I recently finished reading a book on the history of the Bayes’ theorem (appropriately called the theory that would not die) and thought you may enjoy my notes from it.
1/ Statistics is all about calculating probabilities, and there are two camps who interpret probability differently.
- Frequentists = frequency of events over multiple trials
- Bayesians = subjective belief of the outcome of events
Download Free: A/B Testing Guide
2/ This philosophical divide informs what these two camps usually bother with.
- Frequentists = probability of data, given a model (of how data could have been generated)
- Bayesians = probability of model, given the data
3/ Most often we care about the latter question and that is what the Bayesian way of thinking helps with.
For example, given that the mammography test is positive, we want to know what the probability of having breast cancer is.
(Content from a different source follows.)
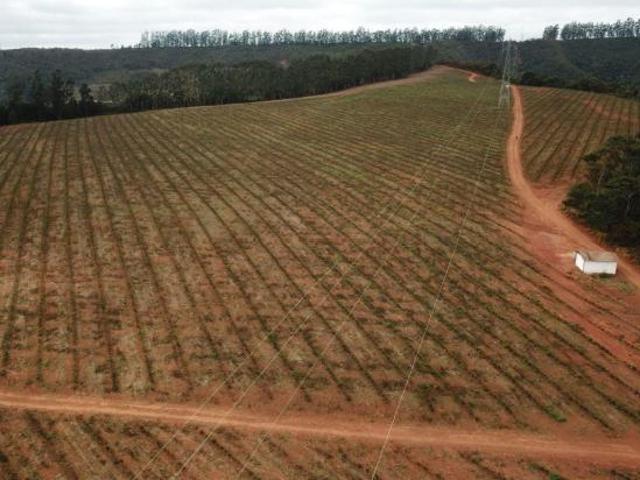 Sítio e chácara venda em Capelinha, Região Sudeste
And given breast cancer, we usually don’t care about the probability of the test being positive.
4/ These two questions sound similar but have different answers.
For example, imagine that 80% of mammograms detect breast cancer when it’s there and ~90% come out as negative when it’s not there (which means for 10% times it comes as positive even if it’s not there).
Then if only 1% population has breast cancer, the probability of having it given a positive test is 7.4%.
5/ Read that again:
80% times the mammography test works and yet if you get a positive, your chances of having breast cancer are only 7.4%.
How is it possible?
6/ The math is simple:
- Chances that the test is positive when a patient has breast cancer = chances of detecting breast cancer when a patient has it * chances of having breast cancer in the first place = 80% * 1% = 0.8%
- Chances that test is positive when a patient does NOT have breast cancer = chances of detecting breast cancer when a patient DOESN’T have it * chances of NOT having breast cancer in the first place = 10% * 99% = 9.9%
Now, the chances of having breast cancer on a positive mammogram are simply:
% times you get a positive mammogram if you have breast cancer / % times you can get a positive mammogram.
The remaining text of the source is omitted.